Source material
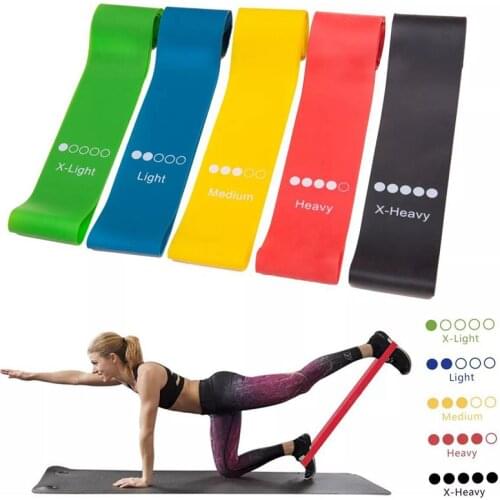 Sports Gym Fitness Resistance Bands for Yoga Stretch Pull Up Assist Bands Rubber Crossfit Exercise Training Workout Equipment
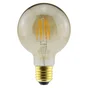Lot de 10 ampoules led decoratives, globe 80mm, E27, 400Lm = 35W, blanc chaud, XXCELL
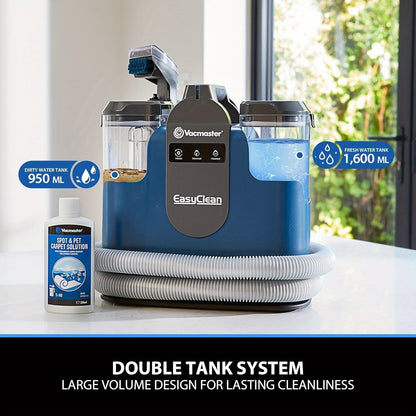 Tapijtreiniger – Vlekkenreiniger – Bankreiniger – Meubelreiniger – Zetelreiniger – 500W Verwarmerfunctie – 1,6L Waterreservoir – Lichtgewicht Compact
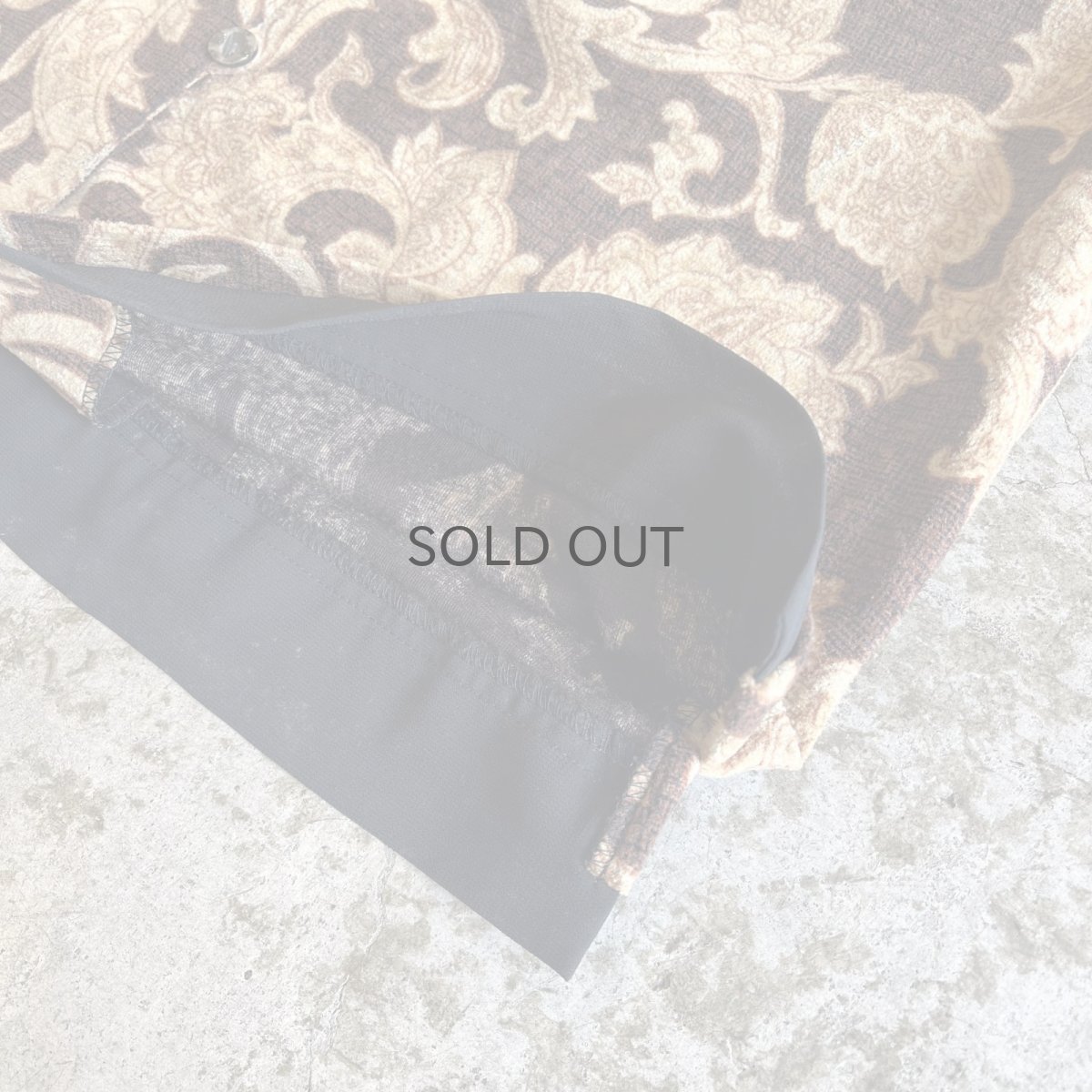 画像5: ALL OVER ART PATTERN SHORT DESIGN VELVET STAND COLLAR JACKET / Ladies M  (5)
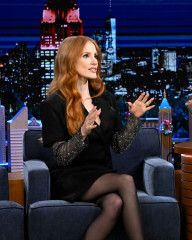 Jessica Chastain – Tonight Show Starring Jimmy Fallon in New York  фото №1383275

What this task involves
Except for the pictures, write the data out exactly.

Response to the task
 Sports Gym Fitness Resistance Bands for Yoga Stretch Pull Up Assist Bands Rubber Crossfit Exercise Training Workout Equipment
Lot de 10 ampoules led decoratives, globe 80mm, E27, 400Lm = 35W, blanc chaud, XXCELL
 Tapijtreiniger – Vlekkenreiniger – Bankreiniger – Meubelreiniger – Zetelreiniger – 500W Verwarmerfunctie – 1,6L Waterreservoir – Lichtgewicht Compact
 画像5: ALL OVER ART PATTERN SHORT DESIGN VELVET STAND COLLAR JACKET / Ladies M  (5)
 Jessica Chastain – Tonight Show Starring Jimmy Fallon in New York  фото №1383275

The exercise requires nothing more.